§ PROBLEM TO SOLVE:
The material below holds pictures; leave them out and reproduce exactly the lines from the one with "Treatment is based" through the one with "What we have", inclusive.

§ INFORMATION GIVEN:
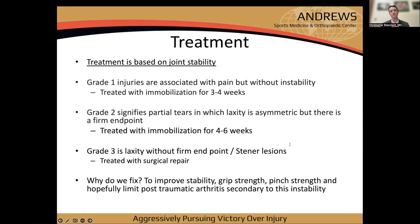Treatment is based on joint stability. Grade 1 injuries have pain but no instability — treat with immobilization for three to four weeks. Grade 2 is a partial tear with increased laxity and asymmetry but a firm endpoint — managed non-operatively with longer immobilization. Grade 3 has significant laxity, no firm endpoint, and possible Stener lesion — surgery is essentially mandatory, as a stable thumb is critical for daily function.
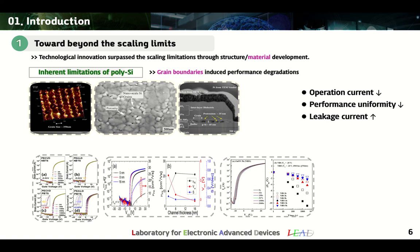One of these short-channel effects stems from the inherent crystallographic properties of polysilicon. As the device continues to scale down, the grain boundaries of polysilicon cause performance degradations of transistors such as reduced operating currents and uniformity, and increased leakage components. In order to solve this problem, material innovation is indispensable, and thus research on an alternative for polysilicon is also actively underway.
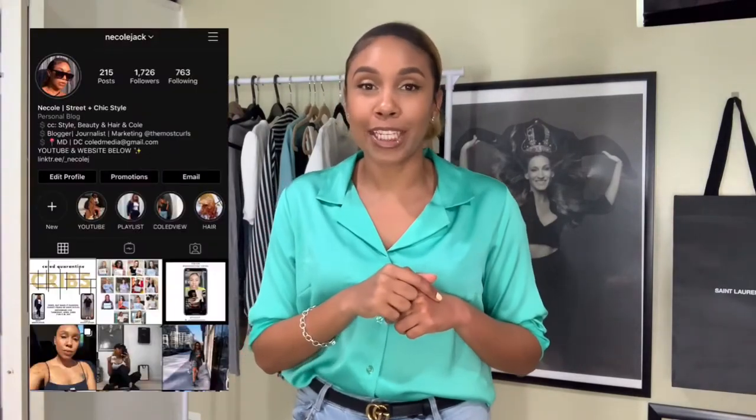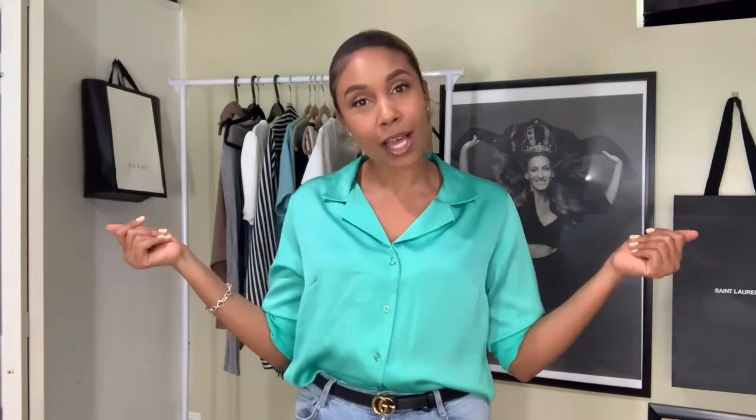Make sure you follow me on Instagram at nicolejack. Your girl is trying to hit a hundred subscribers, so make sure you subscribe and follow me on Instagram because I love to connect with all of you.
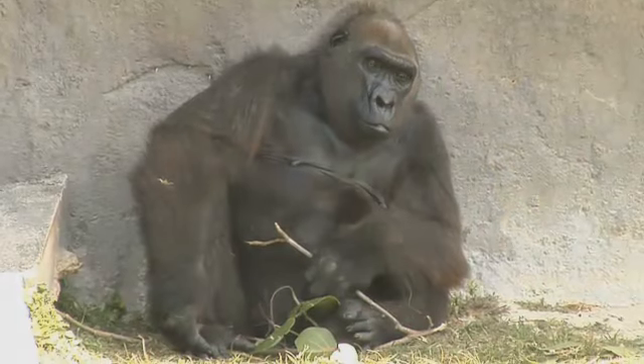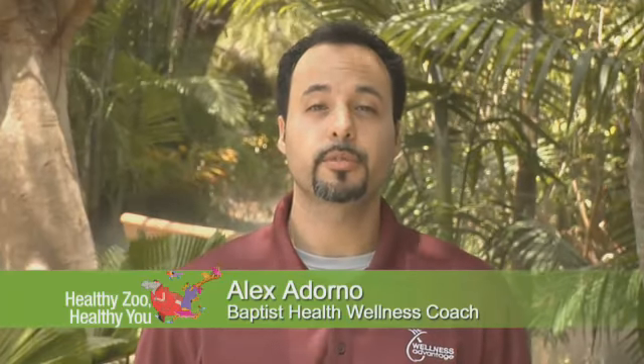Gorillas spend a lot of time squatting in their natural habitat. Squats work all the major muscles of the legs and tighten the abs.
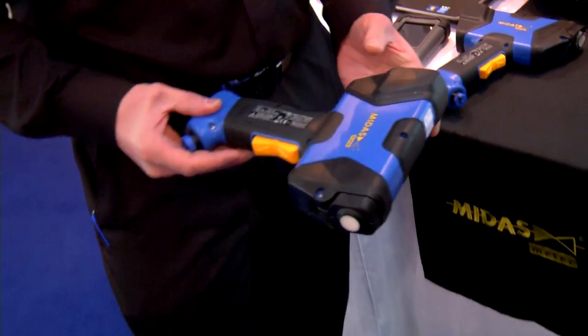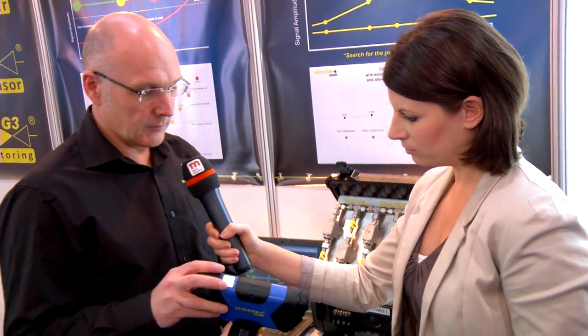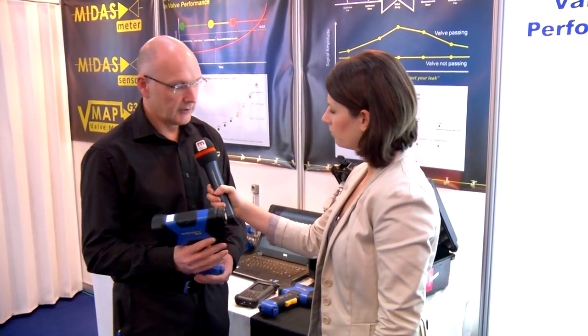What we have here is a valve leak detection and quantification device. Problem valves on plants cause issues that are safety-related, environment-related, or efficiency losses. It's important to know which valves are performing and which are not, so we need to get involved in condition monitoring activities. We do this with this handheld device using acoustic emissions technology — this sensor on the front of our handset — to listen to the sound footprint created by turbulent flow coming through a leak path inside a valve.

==

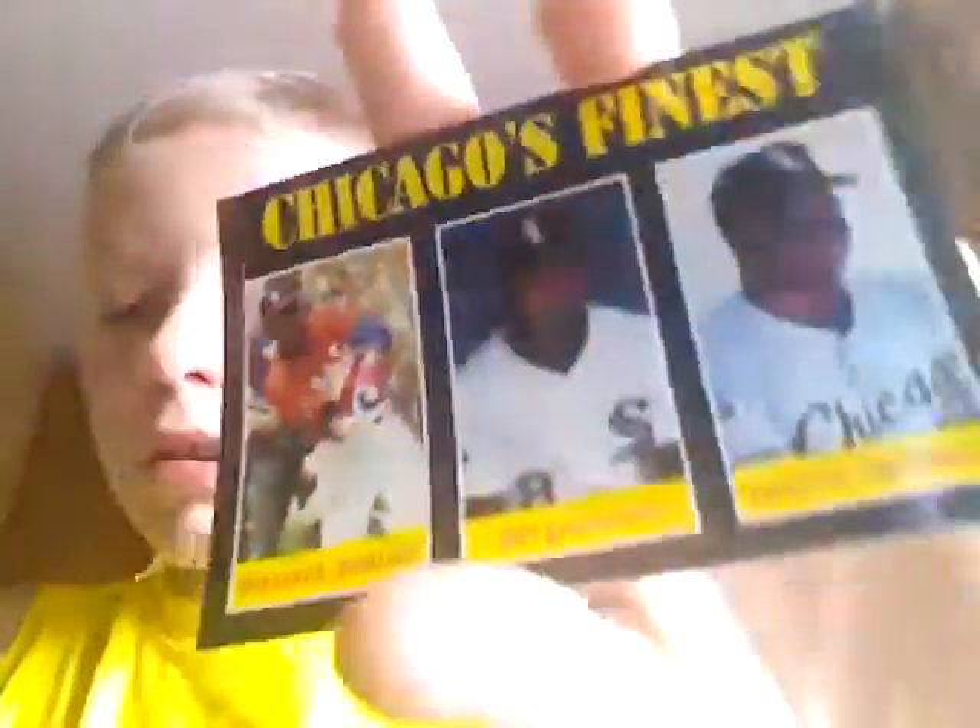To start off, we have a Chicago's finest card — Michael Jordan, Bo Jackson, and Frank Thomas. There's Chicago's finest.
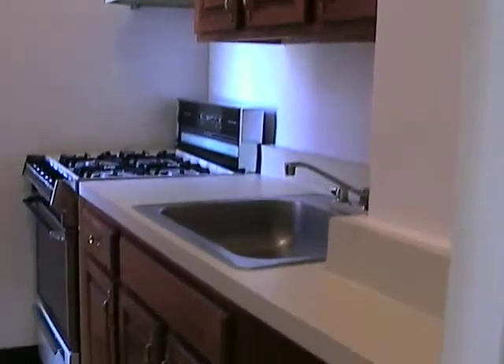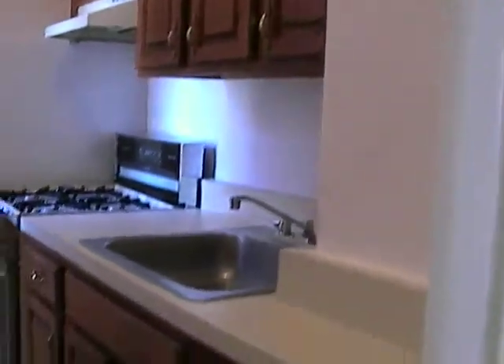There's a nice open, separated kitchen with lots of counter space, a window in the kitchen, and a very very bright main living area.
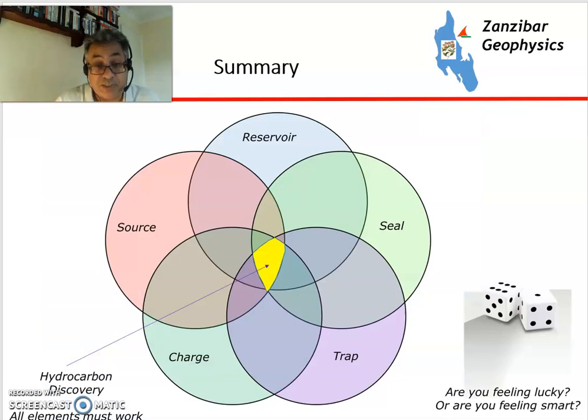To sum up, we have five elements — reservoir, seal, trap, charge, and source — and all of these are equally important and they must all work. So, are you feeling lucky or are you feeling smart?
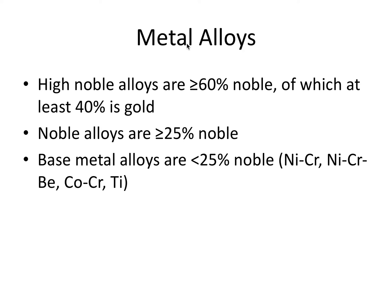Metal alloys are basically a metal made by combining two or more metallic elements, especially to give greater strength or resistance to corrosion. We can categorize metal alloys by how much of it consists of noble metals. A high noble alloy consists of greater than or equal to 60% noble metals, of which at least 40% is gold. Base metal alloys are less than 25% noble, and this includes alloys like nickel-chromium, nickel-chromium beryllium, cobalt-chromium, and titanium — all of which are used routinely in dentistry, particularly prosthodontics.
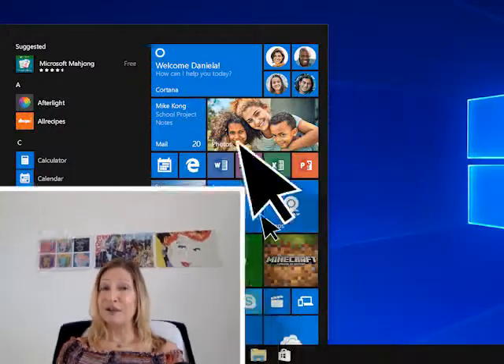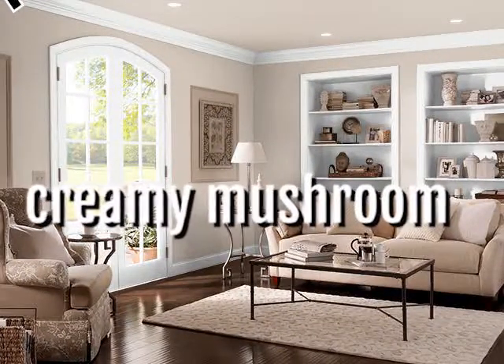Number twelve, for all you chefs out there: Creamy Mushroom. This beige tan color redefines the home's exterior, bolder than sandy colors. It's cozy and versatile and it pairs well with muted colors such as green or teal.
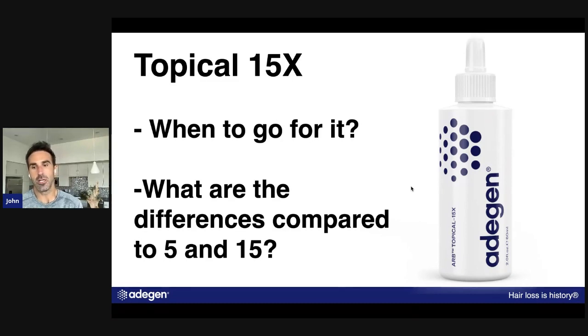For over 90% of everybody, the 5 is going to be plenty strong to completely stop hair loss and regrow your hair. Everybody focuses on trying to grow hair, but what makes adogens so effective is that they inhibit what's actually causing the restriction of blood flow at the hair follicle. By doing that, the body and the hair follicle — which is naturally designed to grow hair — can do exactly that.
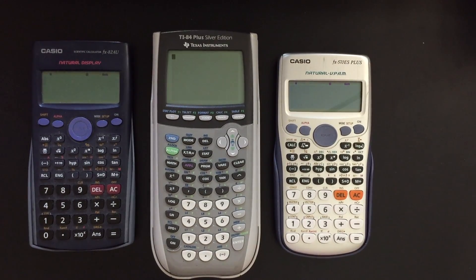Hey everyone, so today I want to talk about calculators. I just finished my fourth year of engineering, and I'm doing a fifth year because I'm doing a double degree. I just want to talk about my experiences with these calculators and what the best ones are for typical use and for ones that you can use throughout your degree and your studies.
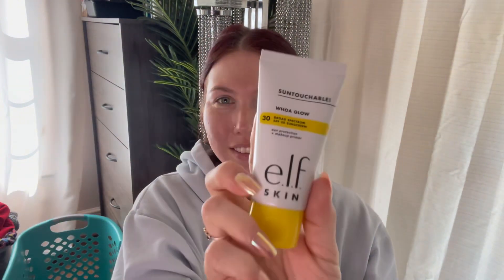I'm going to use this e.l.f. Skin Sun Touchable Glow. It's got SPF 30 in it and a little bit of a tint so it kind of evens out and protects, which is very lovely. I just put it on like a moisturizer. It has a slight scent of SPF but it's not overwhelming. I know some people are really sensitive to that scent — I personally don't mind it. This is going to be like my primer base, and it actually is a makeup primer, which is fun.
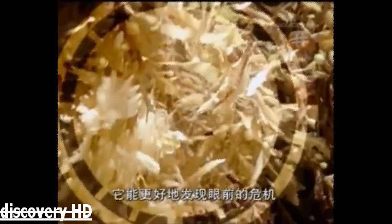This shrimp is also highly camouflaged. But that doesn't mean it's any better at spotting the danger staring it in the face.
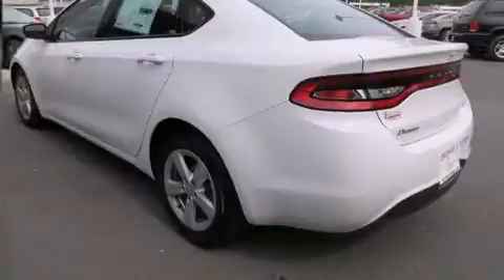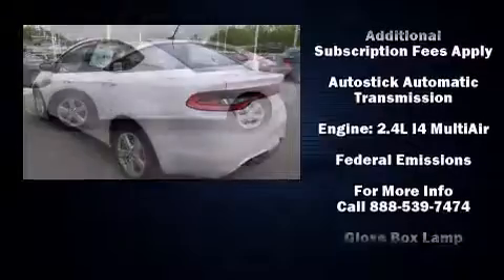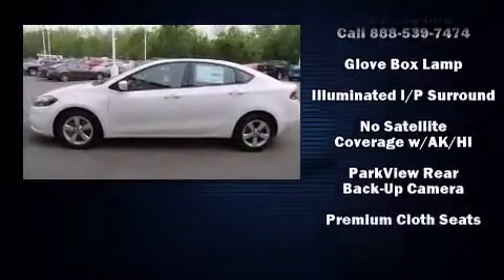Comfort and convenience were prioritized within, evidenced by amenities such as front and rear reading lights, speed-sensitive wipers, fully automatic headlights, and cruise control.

§ ANSWER FOR THIS EXERCISE:
Treatment is based on joint stability. Grade 1 injuries have pain but no instability — treat with immobilization for three to four weeks. Grade 2 is a partial tear with increased laxity and asymmetry but a firm endpoint — managed non-operatively with longer immobilization. Grade 3 has significant laxity, no firm endpoint, and possible Stener lesion — surgery is essentially mandatory, as a stable thumb is critical for daily function.
One of these short-channel effects stems from the inherent crystallographic properties of polysilicon. As the device continues to scale down, the grain boundaries of polysilicon cause performance degradations of transistors such as reduced operating currents and uniformity, and increased leakage components. In order to solve this problem, material innovation is indispensable, and thus research on an alternative for polysilicon is also actively underway.
Make sure you follow me on Instagram at nicolejack. Your girl is trying to hit a hundred subscribers, so make sure you subscribe and follow me on Instagram because I love to connect with all of you.
Gorillas spend a lot of time squatting in their natural habitat. Squats work all the major muscles of the legs and tighten the abs.
What we have here is a valve leak detection and quantification device. Problem valves on plants cause issues that are safety-related, environment-related, or efficiency losses. It's important to know which valves are performing and which are not, so we need to get involved in condition monitoring activities. We do this with this handheld device using acoustic emissions technology — this sensor on the front of our handset — to listen to the sound footprint created by turbulent flow coming through a leak path inside a valve.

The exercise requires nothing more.